Successivamente Armando fu trasferito ad Ustica e poi a Renicci d'Anghiari da dove scappò
dopo l'8 settembre 1943. In seguito continuammo la nostra militanza a Bologna. Armando, da
certi documenti trovati da dei compagni a Firenze, risultava fucilato per cui fummo lasciati
abbastanza tranquilli. Lavoravamo con i partigiani nell'attività antifascista, aiutavamo i
compagni vivendo alla giornata e rischiando più volte di essere scoperti; in questi casi la
fucilazione era assicurata. Fui però delusa dall'ambiente dei compagni italiani. Mi mancava il
clima fraterno che avevo sempre trovato tra i compagni con cui avevo lavorato all'estero. Non
c'era la stessa forte solidarietà che ci aveva sempre sostenuto, che ci aveva fatto proseguire
nella lotta con sempre maggior energia, perché sì, i rischi erano tanti, ma quella era la sola
ragione, il solo modo di poter sopportare la misera vita di allora.
Maria, e adesso? Beh, il movimento anarchico è sempre il mio punto di riferimento, l'idea
è sempre la stessa e
sono contenta quando vedo compagni giovani lavorare con impegno.
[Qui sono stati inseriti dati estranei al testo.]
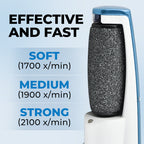 Arenzza electric feet callus remover in black and white, showing the device with a grinding head for smoothing feet.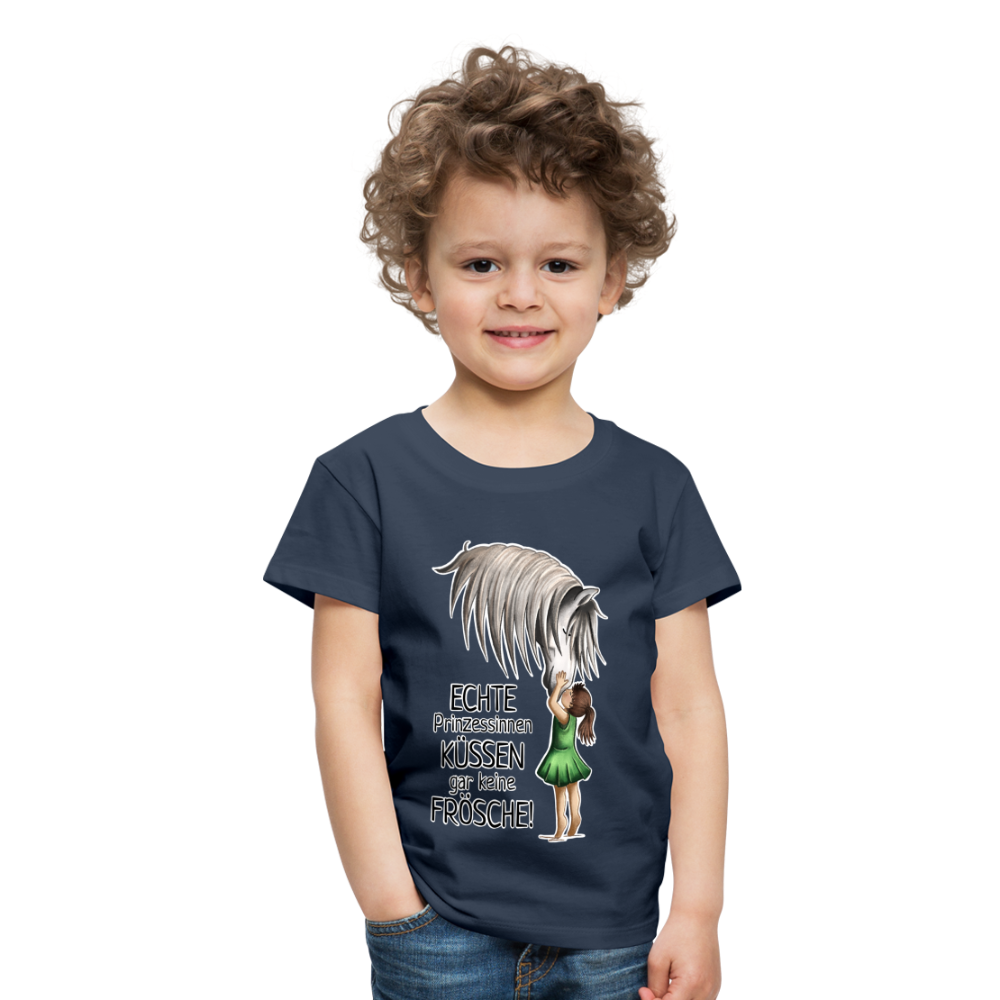 "Prinzessinnen-Kuss" Illustrations-Stil - Kinder T-Shirt - Navy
A modo mio sono con loro;
se posso cerco ancora di aiutarli.
Maria per "chiudere", diciamo così, il tuo racconto di compagna militante vorrei farti una
domanda che è una mia curiosità personale. Anch'io sono una compagna e sto vivendo la mia
militanza circa 40 anni dopo la tua, sono tentata ai paragoni: che cosa ha significato per te essere
"donna" nella lotta? Cosa pensi di questo problema in generale? Certamente non posso che
essere d'accordo col desiderio di emancipazione della donna, con la
volontà di superare questa discriminazione, anche se ormai per me non ha molta importanza.
Devo dire però che io non ho avuto grosse difficoltà; innanzitutto ho vissuto e lavorato quasi
sempre con compagni, donne ce n'erano poche e quando c'erano non eravamo molto affini. Poi
nel lavoro politico ed anche nella vita, dal mio compagno e da tutti i compagni con cui ho
lavorato non sono mai stata discriminata e non mi sono mai comportata come tale.